Task to complete >>
Give again, unaltered, the lines of the listing below that run from the line having "FURLA (フルラ) ハンドバッグ ネイビー：5000円" through the line having "Lombard House - Hostel".

Given data >>
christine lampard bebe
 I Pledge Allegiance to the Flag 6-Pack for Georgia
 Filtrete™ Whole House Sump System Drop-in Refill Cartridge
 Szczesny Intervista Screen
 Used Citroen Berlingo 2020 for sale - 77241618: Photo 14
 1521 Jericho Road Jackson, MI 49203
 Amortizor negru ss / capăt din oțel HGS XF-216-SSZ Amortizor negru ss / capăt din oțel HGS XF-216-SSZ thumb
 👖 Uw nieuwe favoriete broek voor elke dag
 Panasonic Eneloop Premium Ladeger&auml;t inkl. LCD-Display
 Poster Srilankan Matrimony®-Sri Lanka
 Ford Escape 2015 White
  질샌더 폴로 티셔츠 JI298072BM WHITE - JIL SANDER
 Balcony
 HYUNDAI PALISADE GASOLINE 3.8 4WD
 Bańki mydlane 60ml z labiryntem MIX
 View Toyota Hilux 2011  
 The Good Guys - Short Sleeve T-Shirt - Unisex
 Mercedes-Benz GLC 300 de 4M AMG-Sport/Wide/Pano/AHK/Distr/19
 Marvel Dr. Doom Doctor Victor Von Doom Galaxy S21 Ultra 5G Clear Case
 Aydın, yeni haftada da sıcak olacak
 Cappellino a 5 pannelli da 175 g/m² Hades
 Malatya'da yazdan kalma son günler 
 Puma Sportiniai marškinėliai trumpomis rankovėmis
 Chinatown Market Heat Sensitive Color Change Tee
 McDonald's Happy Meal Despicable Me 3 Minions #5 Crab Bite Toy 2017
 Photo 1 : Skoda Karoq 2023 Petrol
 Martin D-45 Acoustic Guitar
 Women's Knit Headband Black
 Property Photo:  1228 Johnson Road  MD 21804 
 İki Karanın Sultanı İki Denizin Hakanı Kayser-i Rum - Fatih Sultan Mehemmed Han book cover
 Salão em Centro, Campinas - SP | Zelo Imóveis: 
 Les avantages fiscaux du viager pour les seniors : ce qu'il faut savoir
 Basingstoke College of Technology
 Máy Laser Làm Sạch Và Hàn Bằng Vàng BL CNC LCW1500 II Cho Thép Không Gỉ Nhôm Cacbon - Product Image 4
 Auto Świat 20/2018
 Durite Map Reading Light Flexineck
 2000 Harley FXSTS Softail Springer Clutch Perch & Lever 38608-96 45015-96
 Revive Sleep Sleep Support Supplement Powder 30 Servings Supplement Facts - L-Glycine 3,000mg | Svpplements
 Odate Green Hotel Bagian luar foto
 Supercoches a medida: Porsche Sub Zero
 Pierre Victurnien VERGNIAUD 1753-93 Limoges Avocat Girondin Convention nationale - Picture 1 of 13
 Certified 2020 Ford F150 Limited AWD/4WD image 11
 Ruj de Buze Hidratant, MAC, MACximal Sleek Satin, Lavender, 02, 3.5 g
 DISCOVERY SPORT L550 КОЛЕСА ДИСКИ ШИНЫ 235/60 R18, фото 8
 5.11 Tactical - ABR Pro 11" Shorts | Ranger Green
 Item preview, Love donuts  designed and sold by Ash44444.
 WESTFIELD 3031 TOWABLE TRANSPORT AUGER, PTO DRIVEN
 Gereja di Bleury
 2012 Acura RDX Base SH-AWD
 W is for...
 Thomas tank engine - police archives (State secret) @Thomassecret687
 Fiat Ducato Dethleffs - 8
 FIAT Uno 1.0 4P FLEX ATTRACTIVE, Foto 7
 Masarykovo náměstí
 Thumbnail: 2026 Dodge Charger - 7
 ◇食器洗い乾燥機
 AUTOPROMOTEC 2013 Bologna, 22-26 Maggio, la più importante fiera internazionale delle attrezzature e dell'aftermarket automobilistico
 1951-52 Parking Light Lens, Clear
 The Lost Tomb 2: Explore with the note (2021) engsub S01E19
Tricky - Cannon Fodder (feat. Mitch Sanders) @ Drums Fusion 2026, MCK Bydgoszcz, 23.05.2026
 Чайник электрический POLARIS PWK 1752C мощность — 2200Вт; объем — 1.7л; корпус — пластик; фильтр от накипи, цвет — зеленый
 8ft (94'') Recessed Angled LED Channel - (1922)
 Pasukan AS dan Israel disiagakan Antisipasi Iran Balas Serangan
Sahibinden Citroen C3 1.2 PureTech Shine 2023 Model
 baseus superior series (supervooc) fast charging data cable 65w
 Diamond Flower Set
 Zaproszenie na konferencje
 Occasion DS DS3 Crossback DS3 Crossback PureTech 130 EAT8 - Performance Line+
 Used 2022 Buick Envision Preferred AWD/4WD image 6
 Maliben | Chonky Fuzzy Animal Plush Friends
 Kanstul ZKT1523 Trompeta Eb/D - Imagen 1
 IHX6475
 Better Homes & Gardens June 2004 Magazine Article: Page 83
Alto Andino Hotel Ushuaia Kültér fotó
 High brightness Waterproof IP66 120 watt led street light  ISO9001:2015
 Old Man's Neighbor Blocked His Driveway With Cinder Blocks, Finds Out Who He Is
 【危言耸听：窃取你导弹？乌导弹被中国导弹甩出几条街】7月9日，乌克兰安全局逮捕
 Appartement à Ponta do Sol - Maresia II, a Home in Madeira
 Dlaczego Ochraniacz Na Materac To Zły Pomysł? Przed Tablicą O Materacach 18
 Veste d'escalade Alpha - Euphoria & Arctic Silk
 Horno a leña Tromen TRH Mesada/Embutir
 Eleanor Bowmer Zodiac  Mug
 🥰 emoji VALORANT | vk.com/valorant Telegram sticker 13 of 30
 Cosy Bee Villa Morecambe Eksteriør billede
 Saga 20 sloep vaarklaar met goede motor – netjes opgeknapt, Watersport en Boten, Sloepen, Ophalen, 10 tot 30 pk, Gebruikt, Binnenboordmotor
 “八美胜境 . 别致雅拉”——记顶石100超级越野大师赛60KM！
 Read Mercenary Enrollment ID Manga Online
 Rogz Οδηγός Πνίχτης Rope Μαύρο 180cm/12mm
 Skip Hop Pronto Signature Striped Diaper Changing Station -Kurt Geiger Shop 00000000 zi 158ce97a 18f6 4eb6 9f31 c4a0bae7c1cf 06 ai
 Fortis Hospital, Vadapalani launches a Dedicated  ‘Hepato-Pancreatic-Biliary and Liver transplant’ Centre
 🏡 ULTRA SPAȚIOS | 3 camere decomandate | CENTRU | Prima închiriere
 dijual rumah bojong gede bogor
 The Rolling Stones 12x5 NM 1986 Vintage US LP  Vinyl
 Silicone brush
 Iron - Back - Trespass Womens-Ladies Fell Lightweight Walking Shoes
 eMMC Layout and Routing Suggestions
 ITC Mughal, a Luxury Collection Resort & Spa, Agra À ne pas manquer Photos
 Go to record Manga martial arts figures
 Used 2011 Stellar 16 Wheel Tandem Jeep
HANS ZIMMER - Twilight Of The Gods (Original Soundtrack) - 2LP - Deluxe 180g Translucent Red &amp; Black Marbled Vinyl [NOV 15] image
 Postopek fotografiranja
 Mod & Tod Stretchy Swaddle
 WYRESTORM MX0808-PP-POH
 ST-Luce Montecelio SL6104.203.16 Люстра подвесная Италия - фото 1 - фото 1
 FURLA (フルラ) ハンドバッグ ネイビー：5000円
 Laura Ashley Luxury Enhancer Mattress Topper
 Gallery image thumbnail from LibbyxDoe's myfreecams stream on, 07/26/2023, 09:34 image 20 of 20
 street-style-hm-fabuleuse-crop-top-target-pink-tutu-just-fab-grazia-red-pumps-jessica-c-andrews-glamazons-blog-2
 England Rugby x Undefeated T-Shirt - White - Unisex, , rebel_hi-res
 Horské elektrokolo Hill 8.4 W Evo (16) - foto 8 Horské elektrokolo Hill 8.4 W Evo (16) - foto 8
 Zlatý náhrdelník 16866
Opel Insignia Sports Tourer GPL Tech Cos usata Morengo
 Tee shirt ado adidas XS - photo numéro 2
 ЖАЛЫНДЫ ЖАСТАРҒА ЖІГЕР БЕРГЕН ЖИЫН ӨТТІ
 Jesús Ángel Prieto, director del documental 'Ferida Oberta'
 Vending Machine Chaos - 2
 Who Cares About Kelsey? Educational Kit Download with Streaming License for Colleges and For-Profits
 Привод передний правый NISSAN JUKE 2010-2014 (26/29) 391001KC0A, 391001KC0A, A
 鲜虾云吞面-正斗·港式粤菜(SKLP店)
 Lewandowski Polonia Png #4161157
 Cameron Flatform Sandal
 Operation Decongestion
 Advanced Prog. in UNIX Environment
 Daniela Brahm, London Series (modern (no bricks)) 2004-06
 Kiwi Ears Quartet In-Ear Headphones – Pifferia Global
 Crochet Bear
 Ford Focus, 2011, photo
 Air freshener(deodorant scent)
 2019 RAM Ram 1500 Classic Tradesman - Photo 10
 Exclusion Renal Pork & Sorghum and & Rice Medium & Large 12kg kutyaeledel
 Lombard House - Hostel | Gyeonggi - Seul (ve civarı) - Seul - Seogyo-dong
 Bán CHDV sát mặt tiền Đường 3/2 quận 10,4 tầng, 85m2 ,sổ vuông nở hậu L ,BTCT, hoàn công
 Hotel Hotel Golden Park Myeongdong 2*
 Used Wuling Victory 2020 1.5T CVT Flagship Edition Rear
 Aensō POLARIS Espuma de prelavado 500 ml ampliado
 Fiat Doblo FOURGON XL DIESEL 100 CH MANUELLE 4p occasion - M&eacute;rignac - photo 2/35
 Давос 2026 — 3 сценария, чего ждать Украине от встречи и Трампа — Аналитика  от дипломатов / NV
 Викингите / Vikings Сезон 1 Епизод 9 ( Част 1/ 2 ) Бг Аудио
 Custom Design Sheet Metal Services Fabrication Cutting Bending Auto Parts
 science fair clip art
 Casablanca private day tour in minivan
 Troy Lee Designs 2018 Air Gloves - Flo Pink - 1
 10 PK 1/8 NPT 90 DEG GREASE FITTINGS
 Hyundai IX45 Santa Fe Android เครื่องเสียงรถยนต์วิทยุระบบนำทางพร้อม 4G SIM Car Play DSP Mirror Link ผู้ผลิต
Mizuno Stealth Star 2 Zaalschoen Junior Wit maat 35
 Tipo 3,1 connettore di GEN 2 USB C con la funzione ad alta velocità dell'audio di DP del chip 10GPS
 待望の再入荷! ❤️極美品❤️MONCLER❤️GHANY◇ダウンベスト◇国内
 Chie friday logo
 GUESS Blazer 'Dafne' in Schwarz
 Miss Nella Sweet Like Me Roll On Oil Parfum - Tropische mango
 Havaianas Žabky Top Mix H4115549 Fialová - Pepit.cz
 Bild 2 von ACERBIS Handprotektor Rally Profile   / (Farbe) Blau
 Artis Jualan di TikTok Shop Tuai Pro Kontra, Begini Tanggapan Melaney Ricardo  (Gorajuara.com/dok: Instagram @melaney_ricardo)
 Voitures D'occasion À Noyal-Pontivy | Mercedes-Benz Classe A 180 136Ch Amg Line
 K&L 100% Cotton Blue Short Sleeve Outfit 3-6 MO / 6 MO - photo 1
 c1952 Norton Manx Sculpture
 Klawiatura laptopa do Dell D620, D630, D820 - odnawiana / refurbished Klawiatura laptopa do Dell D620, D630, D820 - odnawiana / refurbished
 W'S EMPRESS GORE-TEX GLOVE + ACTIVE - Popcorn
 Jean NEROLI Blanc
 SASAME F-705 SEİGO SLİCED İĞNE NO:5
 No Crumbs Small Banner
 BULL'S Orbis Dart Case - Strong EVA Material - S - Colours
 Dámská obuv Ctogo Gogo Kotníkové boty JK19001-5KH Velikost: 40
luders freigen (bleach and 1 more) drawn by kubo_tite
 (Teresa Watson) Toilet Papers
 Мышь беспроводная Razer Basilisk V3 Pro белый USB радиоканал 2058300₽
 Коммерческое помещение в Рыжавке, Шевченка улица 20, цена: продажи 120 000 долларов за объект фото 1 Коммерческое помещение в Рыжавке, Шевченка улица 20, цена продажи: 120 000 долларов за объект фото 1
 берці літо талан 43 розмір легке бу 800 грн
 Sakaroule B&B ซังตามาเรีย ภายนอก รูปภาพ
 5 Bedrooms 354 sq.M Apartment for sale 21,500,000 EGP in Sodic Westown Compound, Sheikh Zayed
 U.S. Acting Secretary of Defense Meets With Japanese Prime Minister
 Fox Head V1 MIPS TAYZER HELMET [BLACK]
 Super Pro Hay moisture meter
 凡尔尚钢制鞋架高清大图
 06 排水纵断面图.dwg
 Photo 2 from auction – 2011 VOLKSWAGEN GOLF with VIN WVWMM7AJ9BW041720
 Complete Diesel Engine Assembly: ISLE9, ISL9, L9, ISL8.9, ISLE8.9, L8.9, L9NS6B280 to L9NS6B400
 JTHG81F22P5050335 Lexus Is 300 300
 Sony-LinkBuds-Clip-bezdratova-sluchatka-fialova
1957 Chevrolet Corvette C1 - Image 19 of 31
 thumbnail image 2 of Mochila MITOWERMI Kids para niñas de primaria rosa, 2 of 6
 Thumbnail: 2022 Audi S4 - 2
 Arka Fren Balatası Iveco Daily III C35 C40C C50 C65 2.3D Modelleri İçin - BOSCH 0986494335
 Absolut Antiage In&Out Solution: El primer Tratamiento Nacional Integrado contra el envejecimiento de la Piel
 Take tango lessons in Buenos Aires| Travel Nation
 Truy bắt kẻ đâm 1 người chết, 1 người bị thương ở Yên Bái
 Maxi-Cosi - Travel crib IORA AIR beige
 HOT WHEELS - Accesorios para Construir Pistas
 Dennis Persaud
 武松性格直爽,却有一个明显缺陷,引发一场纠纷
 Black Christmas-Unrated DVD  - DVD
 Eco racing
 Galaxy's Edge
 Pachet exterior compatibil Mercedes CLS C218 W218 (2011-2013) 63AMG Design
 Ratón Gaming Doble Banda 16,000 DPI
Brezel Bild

Written response >>
 FURLA (フルラ) ハンドバッグ ネイビー：5000円
 Laura Ashley Luxury Enhancer Mattress Topper
 Gallery image thumbnail from LibbyxDoe's myfreecams stream on, 07/26/2023, 09:34 image 20 of 20
 street-style-hm-fabuleuse-crop-top-target-pink-tutu-just-fab-grazia-red-pumps-jessica-c-andrews-glamazons-blog-2
 England Rugby x Undefeated T-Shirt - White - Unisex, , rebel_hi-res
 Horské elektrokolo Hill 8.4 W Evo (16) - foto 8 Horské elektrokolo Hill 8.4 W Evo (16) - foto 8
 Zlatý náhrdelník 16866
Opel Insignia Sports Tourer GPL Tech Cos usata Morengo
 Tee shirt ado adidas XS - photo numéro 2
 ЖАЛЫНДЫ ЖАСТАРҒА ЖІГЕР БЕРГЕН ЖИЫН ӨТТІ
 Jesús Ángel Prieto, director del documental 'Ferida Oberta'
 Vending Machine Chaos - 2
 Who Cares About Kelsey? Educational Kit Download with Streaming License for Colleges and For-Profits
 Привод передний правый NISSAN JUKE 2010-2014 (26/29) 391001KC0A, 391001KC0A, A
 鲜虾云吞面-正斗·港式粤菜(SKLP店)
 Lewandowski Polonia Png #4161157
 Cameron Flatform Sandal
 Operation Decongestion
 Advanced Prog. in UNIX Environment
 Daniela Brahm, London Series (modern (no bricks)) 2004-06
 Kiwi Ears Quartet In-Ear Headphones – Pifferia Global
 Crochet Bear
 Ford Focus, 2011, photo
 Air freshener(deodorant scent)
 2019 RAM Ram 1500 Classic Tradesman - Photo 10
 Exclusion Renal Pork & Sorghum and & Rice Medium & Large 12kg kutyaeledel
 Lombard House - Hostel | Gyeonggi - Seul (ve civarı) - Seul - Seogyo-dong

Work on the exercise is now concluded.